Sam Smith- I lived a majority of my life in Washington DC, much of it during a time when being white there put you in the minority. In fact, DC had a black majority from the time I returned to it in 1959 after college to when I moved away fifty years later. But I can't think of any time when the color of my skin caused me a major personal or political problem, though DC got little credit for its lack of ethnic conflict.
For me, it was never a big issue in part in part because I had grown up with four sisters and a brother and we didn't always agree with each other. From an early age I learned that people were highly varied and you had to learn how to live with them anyway. And you did that in part by emphasizing issues and things you agree about.

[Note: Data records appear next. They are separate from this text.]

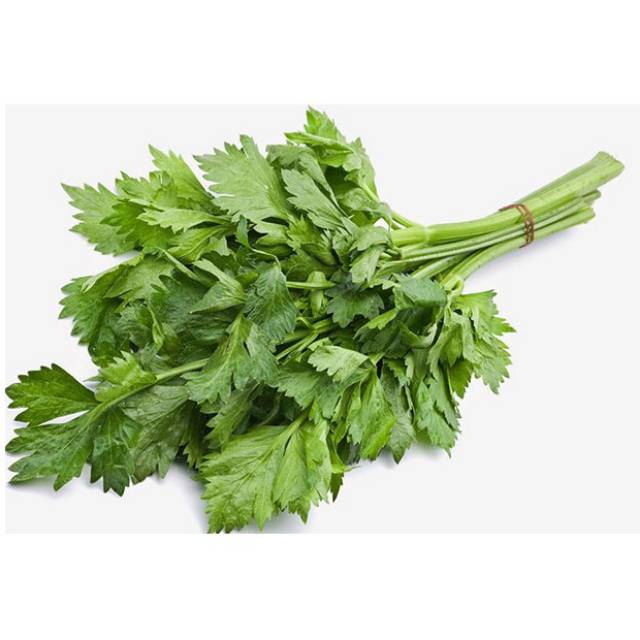 

DAUN SOP/SELEDRI (250GR)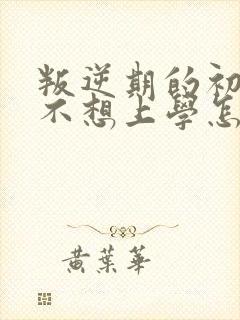 叛逆期的初中生不想上学怎么办
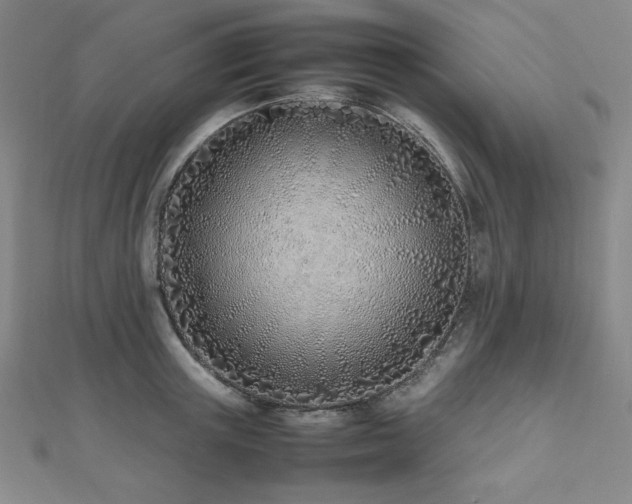 X0000112490851200908171245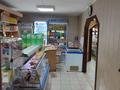 Дүкендер мен бутиктер · 151 м², бағасы: 109 млн 〒 в Уральске — фото 7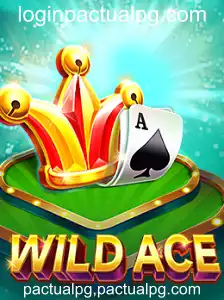 Explorando o Mundo de WildAce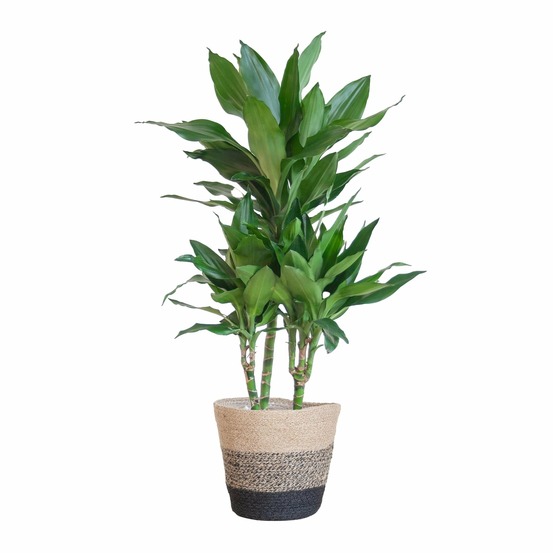 Dracaena janet lindt et son pot panier multicolor - hauteur 95cm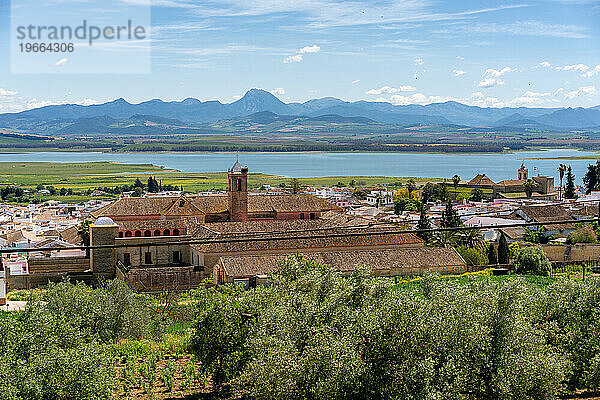 Blick auf das Dorf Bornos in Andalusien  Spanien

Looking back, there was one thing about DC's multi-culturalism that made it much easier for those of different ethnicities to get along: you looked different but you shared issues.
In fact, this was the reason I got more heavily involved with civil rights in the first place. I had taken part in a day log protest against a DC Transit fare increase, including driving 71 folks for free. After the day was over I wrote a piece about it and shortly thereafter got a call for assistance from the protest's organizer - a black guy also in his 20s named Marion Barry. Some years later Barry would become our controversial mayor and once said, "Sam's a cynical cat." But an issue affecting both blacks and whites had brought us together for a number of years.
There were other examples of causes that affected both whites and blacks that I worked on such as plans to build freeways through both black and white neighborhoods and a bi-ethnic drive for home rule and statehood.
One day I drove to the SNCC headquarters to help drive protesters and quoted one of them: 'We've got to live together, man. You're white and you can't help it. I'm Negro and I can't help it. But we still can get along. That's the way I feel about it." I agreed.
The freeway issue was helped by this poster:
The black journalist Chuck Stone described me as "one of a small group of whites with whom many blacks would trust their political lives." In short, what I learned as a minority white guy in DC was to find ways to join with blacks to fight for causes that would help everyone. It's not a bad strategy for various ethnicities to use nationally - aiming at issues such as the mess Trump is making of the economy. Find something that's hurting both white and blacks and you can build a coalition fast.